What is needed
No image is to be carried over; reproduce the rest of the listing word for word.

★ ★ ★ ★ ★

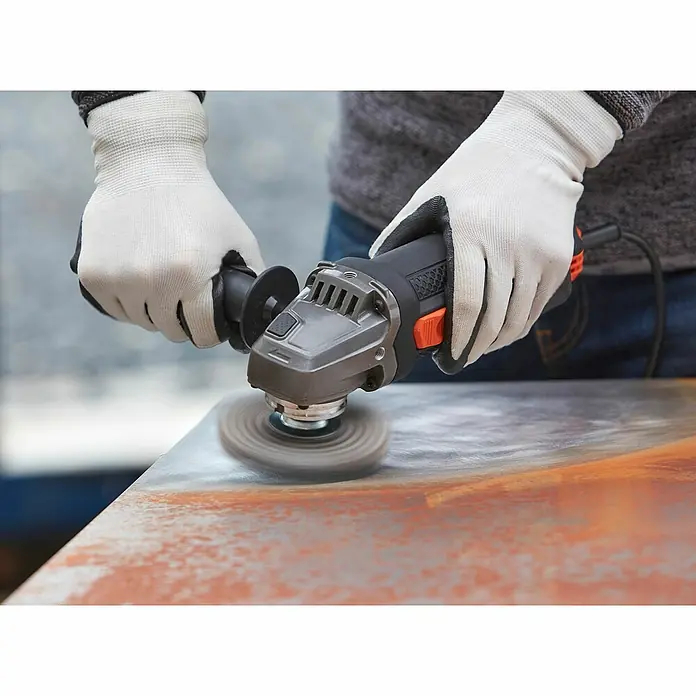 Black+Decker Elektro-Winkelschleifer BEG220-QS - 900 W, Durchmesser Scheibe: 125 mm, Leerlaufdrehzahl: 12.000 U/min - Nahaufnahme eines Winkelschleifers, der von einer Person mit Handschuhen auf einer Metalloberfläche verwendet wird.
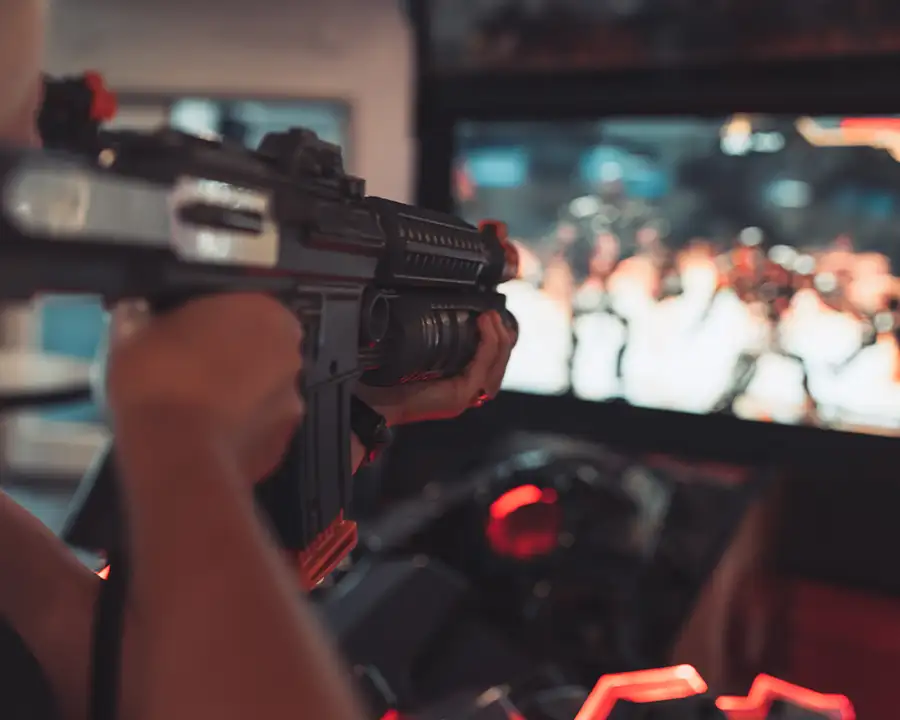 Close-up of a player aiming a gun controller at a shooter arcade game at Bel-Air Bowl in Belleville, IL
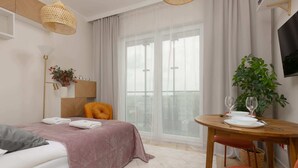 A modern hotel room with a bed, a small table with a plant, and a TV on the wall. - Stylish Studio in Wola | Air Conditioning and Balcony (Warszawa)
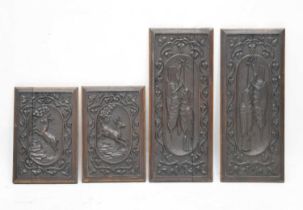 Two pairs of carved oak panels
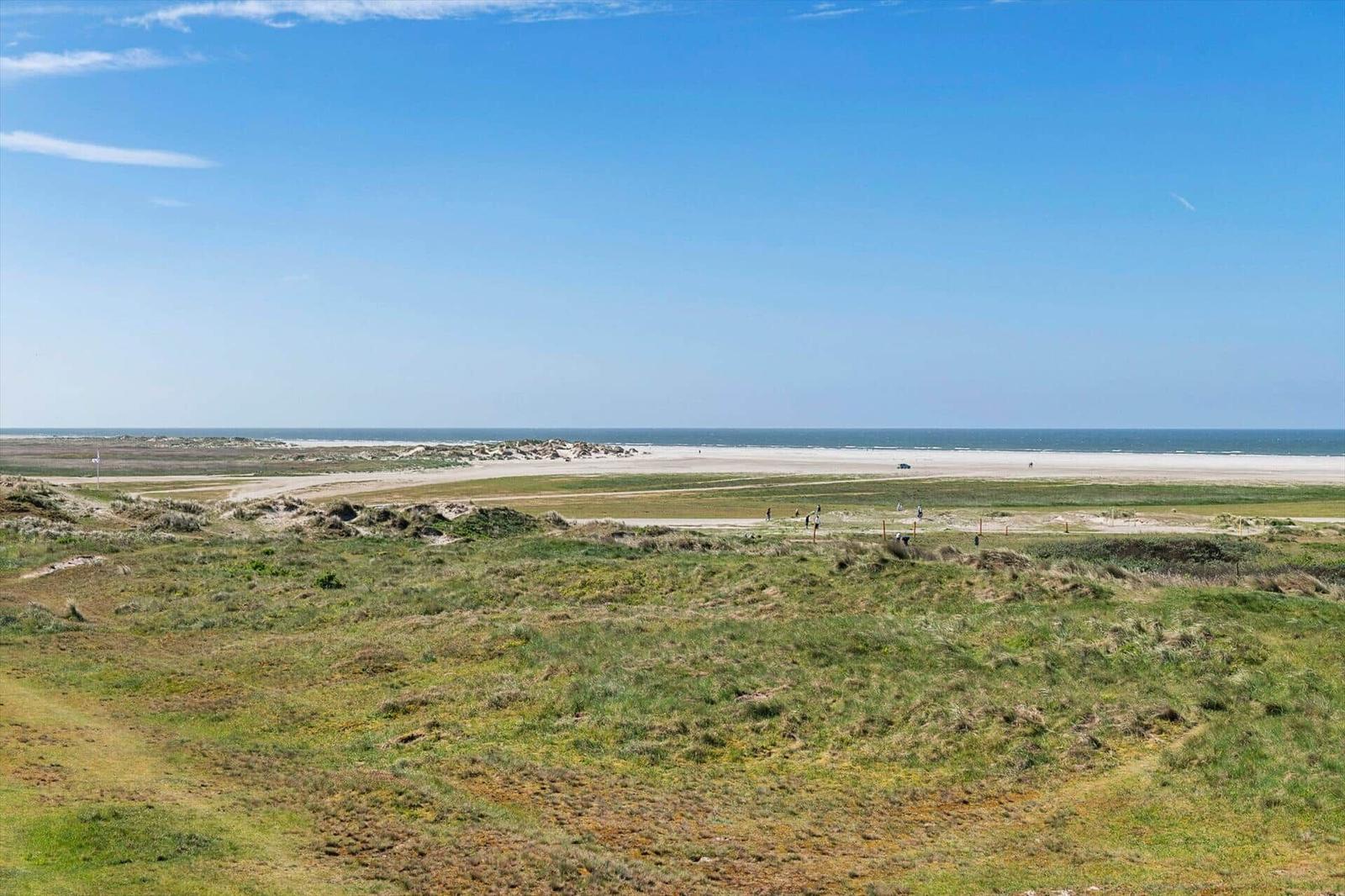 Weitläufiger Strand mit Dünen und klarem Himmel. Menschen genießen die Landschaft.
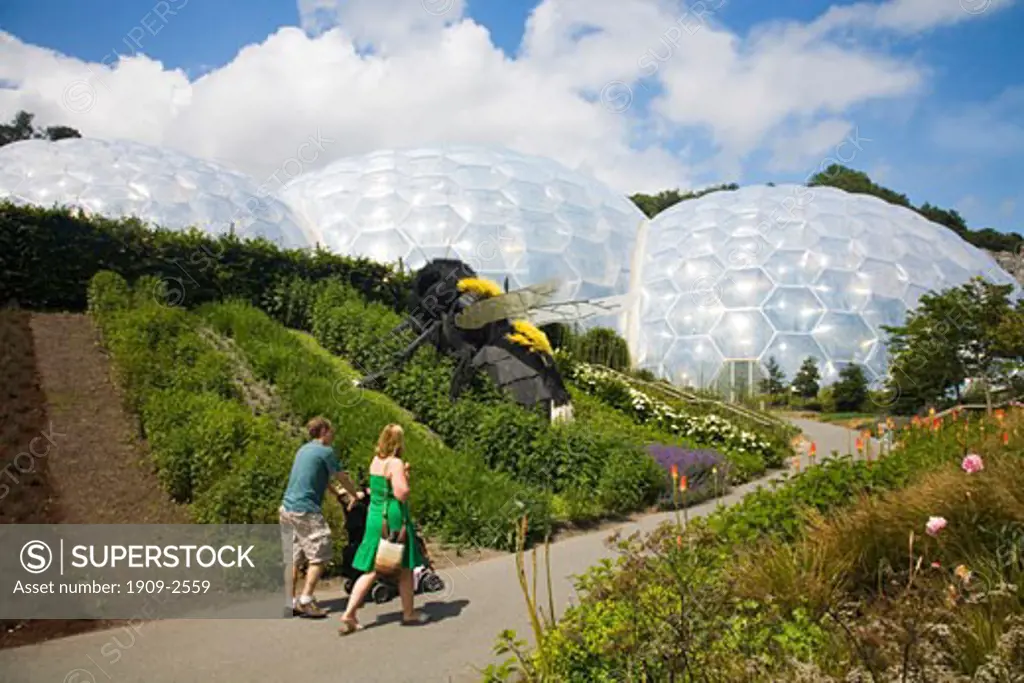 Young couple pushing buggy along path at Eden Project in summer sun St Austell Cornwall England UK United Kingdom GB Great Britain British Isles Europe EU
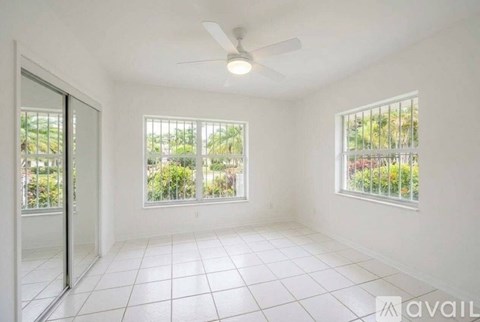 A room with a ceiling fan and two windows overlooking a green area.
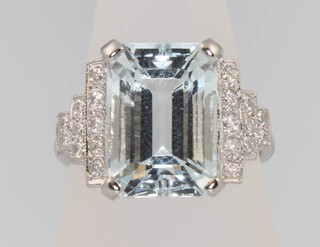 An Art Deco style platinum aquamarine and diamond ring, the centre stone approx. 9ct flanked by brilliant cut diamonds 0.48ct, size P 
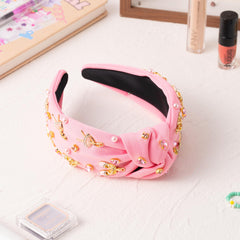 PANTIDE diadema con diseño de lazo y joyas en tono rosa.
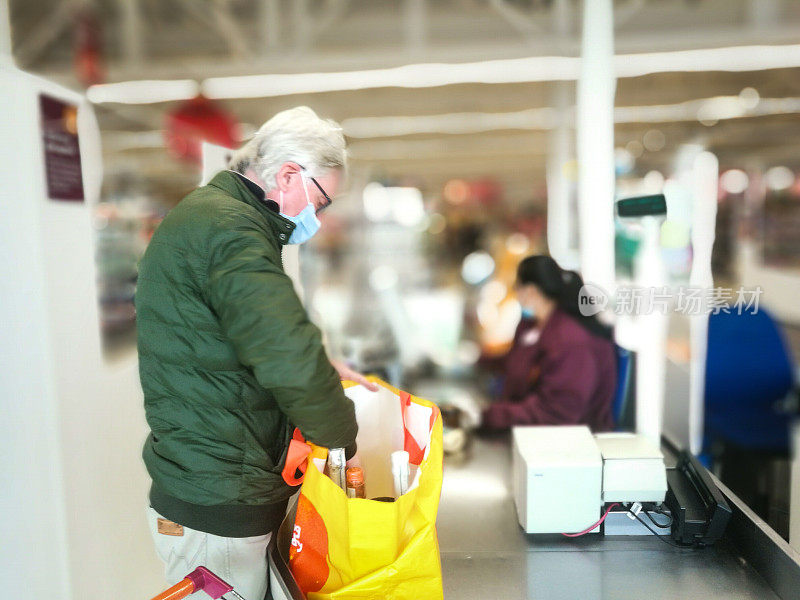 戴着防护口罩的老人在超市结账处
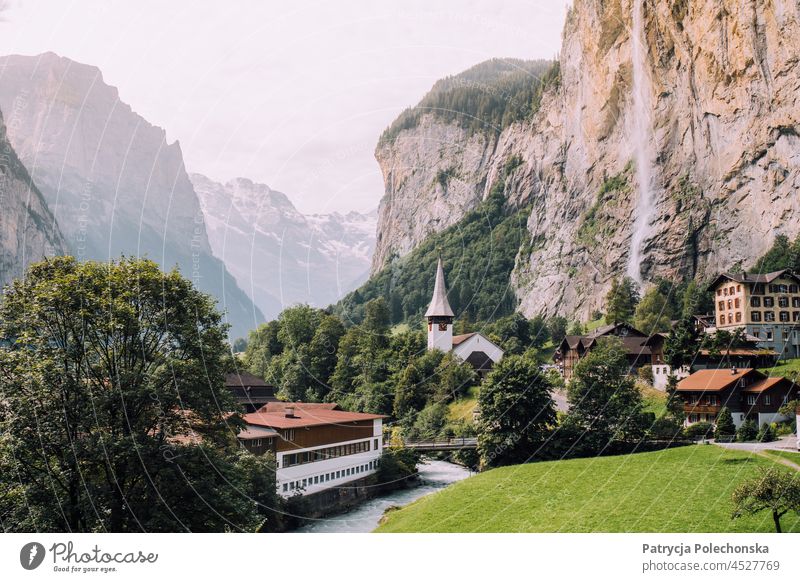 Lauterbrunnen Waterfall and Church View in the Alps in Switzerland Valley Landscape Town Summer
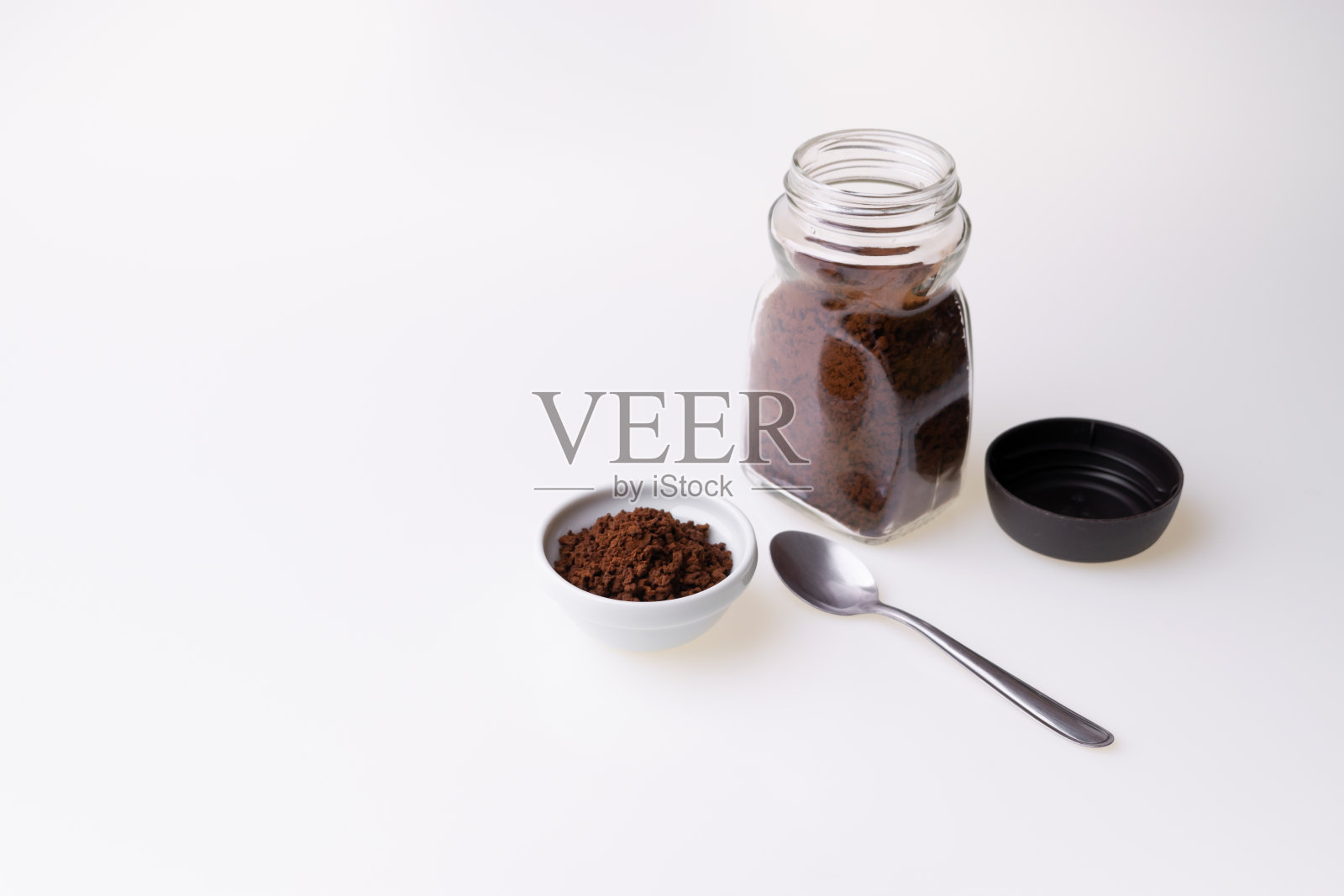 白色背景下的咖啡杯里的速溶咖啡颗粒照片摄影图片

★ ★ ★ ★ ★

The completed task
 Black+Decker Elektro-Winkelschleifer BEG220-QS - 900 W, Durchmesser Scheibe: 125 mm, Leerlaufdrehzahl: 12.000 U/min - Nahaufnahme eines Winkelschleifers, der von einer Person mit Handschuhen auf einer Metalloberfläche verwendet wird.
 Close-up of a player aiming a gun controller at a shooter arcade game at Bel-Air Bowl in Belleville, IL
 A modern hotel room with a bed, a small table with a plant, and a TV on the wall. - Stylish Studio in Wola | Air Conditioning and Balcony (Warszawa)
 Two pairs of carved oak panels
 Weitläufiger Strand mit Dünen und klarem Himmel. Menschen genießen die Landschaft.
 Young couple pushing buggy along path at Eden Project in summer sun St Austell Cornwall England UK United Kingdom GB Great Britain British Isles Europe EU
 A room with a ceiling fan and two windows overlooking a green area.
 An Art Deco style platinum aquamarine and diamond ring, the centre stone approx. 9ct flanked by brilliant cut diamonds 0.48ct, size P 
 PANTIDE diadema con diseño de lazo y joyas en tono rosa.
 戴着防护口罩的老人在超市结账处
 Lauterbrunnen Waterfall and Church View in the Alps in Switzerland Valley Landscape Town Summer
 白色背景下的咖啡杯里的速溶咖啡颗粒照片摄影图片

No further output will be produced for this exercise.